Hulu finagled a show today called Guinea Pig. It was described to me as “Jackass meets Mythbusters, but from Canada.” It was delivered slathered in maple syrup by Steve Nash, signed by the entire cast of Degrassi.
And, yep, it’s a show about a guy getting sprayed with some calienté pepper spray before he gets shot in the, uh, cajones with a taser. It is, in fact, muy bueno.
I know. Very learned, all of this Spanish, from a guy who has spent a lot of today watching a guy get punched in the face by a professional boxer.
These shows are my speed right now. Because of these wonderful programs, I know that the worst possible thing a policeman can do to you is overdo it with pepper spray. It’s supposedly one of the worst experiences in the world. This is worse than getting shot in a fleshy part of your body, and this show confirms it.
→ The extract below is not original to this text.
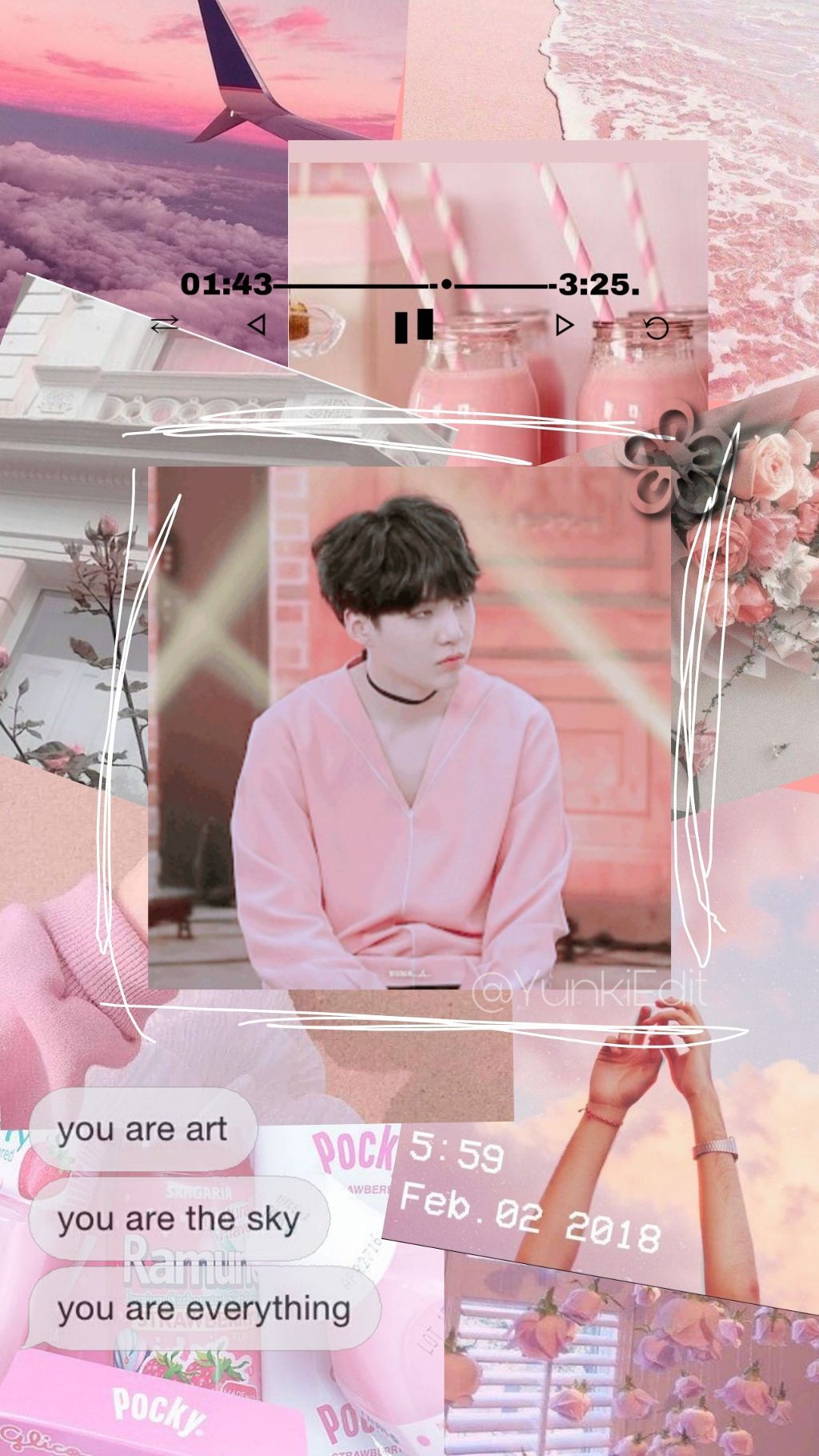 Pink aesthetic wallpaper with images of a pink haired boy and flowers - Suga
I know this, and I have no idea how to make an omelet.
I’m not particularly proud of this, but, good God, have I become an expert in shows where people are shoved into tubs of ice. And I have learned to make the best of it.
A couple of days ago, I rented Jackass 3 and guiltlessly cried laughing the entire time. Sounds impossible, but it isn’t if you do it right. And by do it right, I mean you should pick up a damn book—any book, preferably one of those ones without pictures in it—and read it, invest yourself in it, then wait for the screams. Wait for the screams, yes, then rewind and cry laughing.
You will feel so good about yourself.
Maybe get a Rosetta Stone, or something, and aprender some Español. When your obsession grows too big, you’ll know when the guy is screaming for help after he breaks his tibia on Telemundo.